We all say that we want a happy life, yet somehow, very few people make an effort to achieve the happiness they desire. The concept of happiness may defer from one person to another; therefore, the ways to achieve could defer as well. But there’s one constant in the journey of a happy and positive life: identifying and eliminating toxic people.
Identifying toxic people could be a little tricky since they are extremely skilled in emotional manipulation. That’s why it is much more harder to write them off compared to others.
Here are 5 distinctive characteristics you can look for while identifying toxic people:
Every relationship is based on give-and-take routines. Sometimes it’s your turn to give something for the person you care about either to show your respect or your affections. It may be just a jacket because it’s cold or your time even though you have a deadline. Making such sacrifices, regardless of big or small, is a way of showing someone how much you care about them. If you are the only one making sacrifices in a relationship, there is something wrong there!
Failure is an inevitable part of life. I believe there would be no joy in success if it wasn’t for the failures. Even though all our failures make us stronger, we still tend to be affected by the opinions and comments of people around us. Criticism can be as helpful as a motivational speech, but there’s a thin line between constructive and destructive criticism. If a you feel less of yourself after a conversation, you gotta get rid of that person ASAP!
We all hurt each other and sadly, we don’t even recognize it most of the time. The key here is to understand the intentions beneath the words or actions. Talk to the person that hurt you and observe their reactions. A normal person wouldn’t hurt you willingly so they would be surprised when you tell them that you felt hurt because of what they did or said. If not, you got a toxic person there!
There’s a huge difference between envy and jealousy. An envious person may want to have what you have but it doesn’t necessarily mean that they would wish you wouldn’t.
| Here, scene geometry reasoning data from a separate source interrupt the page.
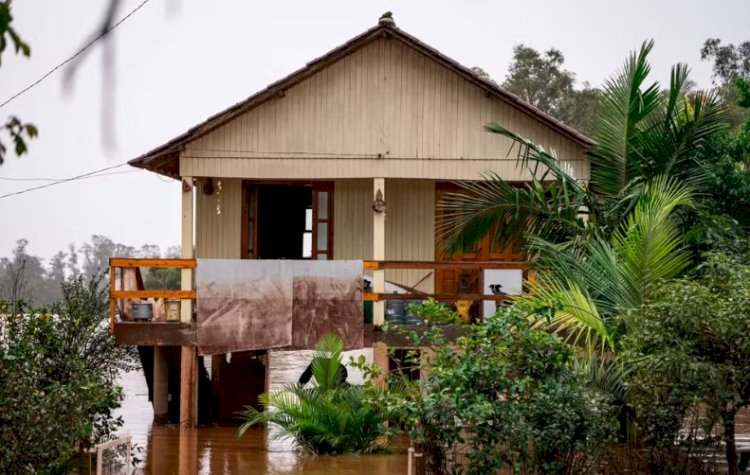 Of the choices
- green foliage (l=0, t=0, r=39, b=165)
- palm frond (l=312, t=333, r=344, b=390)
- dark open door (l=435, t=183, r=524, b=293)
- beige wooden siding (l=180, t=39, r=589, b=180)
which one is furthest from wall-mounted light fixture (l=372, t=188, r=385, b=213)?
green foliage (l=0, t=0, r=39, b=165)

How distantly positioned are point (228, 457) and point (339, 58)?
250 inches

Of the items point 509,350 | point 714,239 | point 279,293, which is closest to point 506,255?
point 279,293

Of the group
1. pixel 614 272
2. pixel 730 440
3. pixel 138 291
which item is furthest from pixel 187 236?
pixel 730 440

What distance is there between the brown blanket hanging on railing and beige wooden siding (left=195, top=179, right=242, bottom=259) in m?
1.78

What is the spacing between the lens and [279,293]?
17047 millimetres

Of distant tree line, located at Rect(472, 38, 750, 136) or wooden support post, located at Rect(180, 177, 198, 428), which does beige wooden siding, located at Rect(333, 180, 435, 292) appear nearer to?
wooden support post, located at Rect(180, 177, 198, 428)

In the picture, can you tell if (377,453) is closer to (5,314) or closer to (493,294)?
(493,294)

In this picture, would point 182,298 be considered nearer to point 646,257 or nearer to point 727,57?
point 646,257

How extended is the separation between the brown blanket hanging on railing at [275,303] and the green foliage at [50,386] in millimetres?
1847

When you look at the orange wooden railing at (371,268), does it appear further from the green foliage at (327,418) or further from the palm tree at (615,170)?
the green foliage at (327,418)

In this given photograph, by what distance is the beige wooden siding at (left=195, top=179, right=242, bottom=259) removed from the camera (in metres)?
18.7

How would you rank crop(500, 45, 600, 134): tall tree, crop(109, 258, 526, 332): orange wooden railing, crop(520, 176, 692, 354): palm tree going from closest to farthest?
crop(520, 176, 692, 354): palm tree → crop(109, 258, 526, 332): orange wooden railing → crop(500, 45, 600, 134): tall tree

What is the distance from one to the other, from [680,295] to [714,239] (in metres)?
2.75

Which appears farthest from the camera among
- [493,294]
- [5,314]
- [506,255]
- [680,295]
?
[506,255] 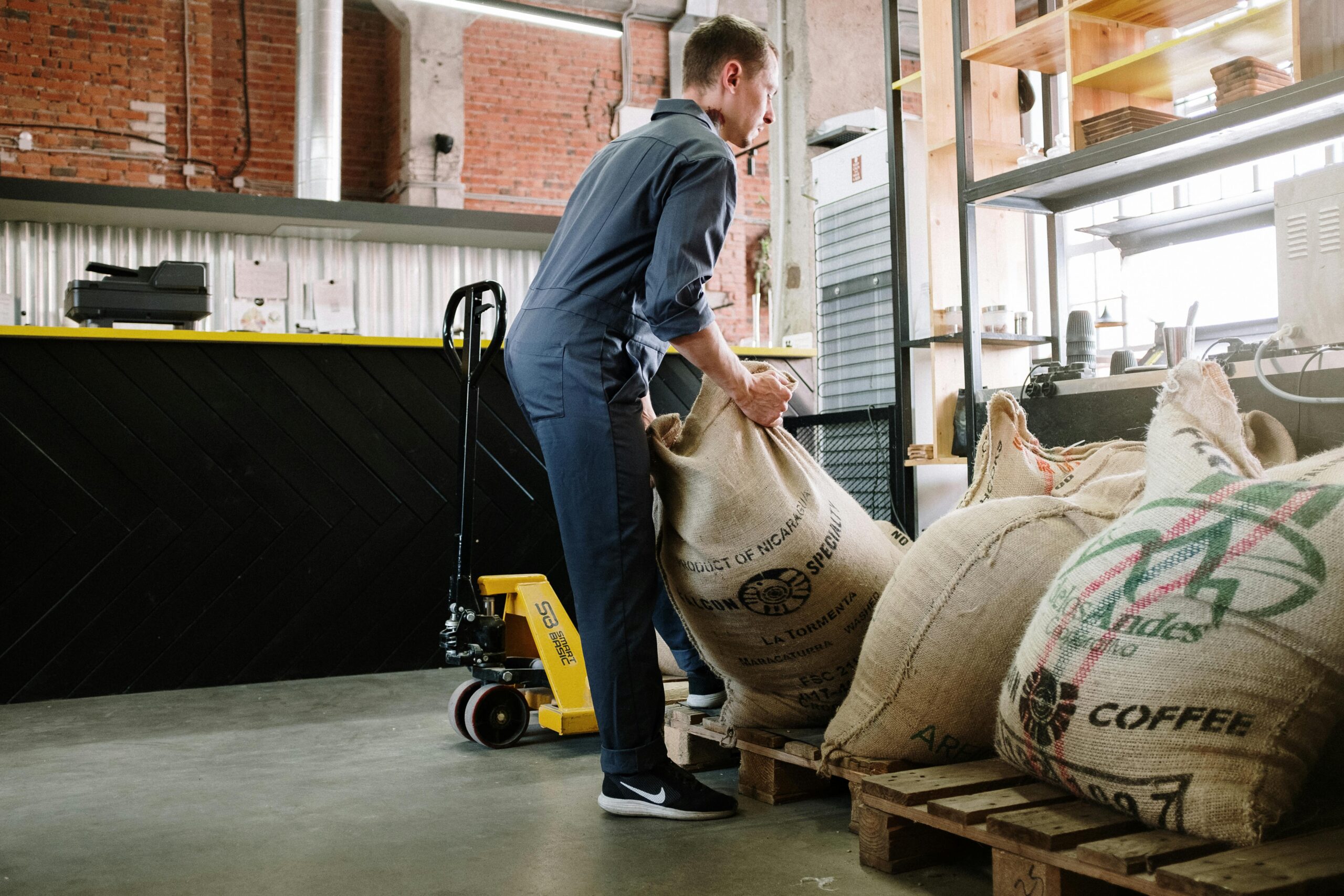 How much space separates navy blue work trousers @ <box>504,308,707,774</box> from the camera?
80.8 inches

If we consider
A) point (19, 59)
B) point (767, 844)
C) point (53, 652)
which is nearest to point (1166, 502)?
point (767, 844)

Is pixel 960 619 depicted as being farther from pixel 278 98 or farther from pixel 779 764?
pixel 278 98

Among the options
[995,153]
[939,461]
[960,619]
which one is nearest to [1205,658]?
[960,619]

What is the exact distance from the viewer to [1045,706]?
1.49 meters

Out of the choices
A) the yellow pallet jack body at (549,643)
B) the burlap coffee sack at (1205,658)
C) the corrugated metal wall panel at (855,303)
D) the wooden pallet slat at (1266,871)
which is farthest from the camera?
the corrugated metal wall panel at (855,303)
A jealous person, however; would see everything as a competition, so they would want to have it all whereas you would have nothing. They could never be happy with your success. A person who finds joy in your failure does not deserve to be a part of your life!
It is not always easy to feel happy but we should take our time to enjoy every tiny bit of happiness in order to keep the positivity alive. We all have stressful lives in our own ways, so we feel the need to recharge with our loved ones. Every caring person would try to help you feel better whenever you are feeling down. Toxic people, however, enjoy the negativity you’re feeling and they would say or do anything they can to spread that negativity even further!
A happy life is a result of a chain reaction starting with identify the obstacles and working to eliminate them. It doesn’t matter if a toxic person is a family member, partner, friend or a colleague, there’s no option other than getting rid of them. If you ever feel powerless to remove those people from your life, remember what Rumi said; “Why do you stay in prison when the door is so wide open?”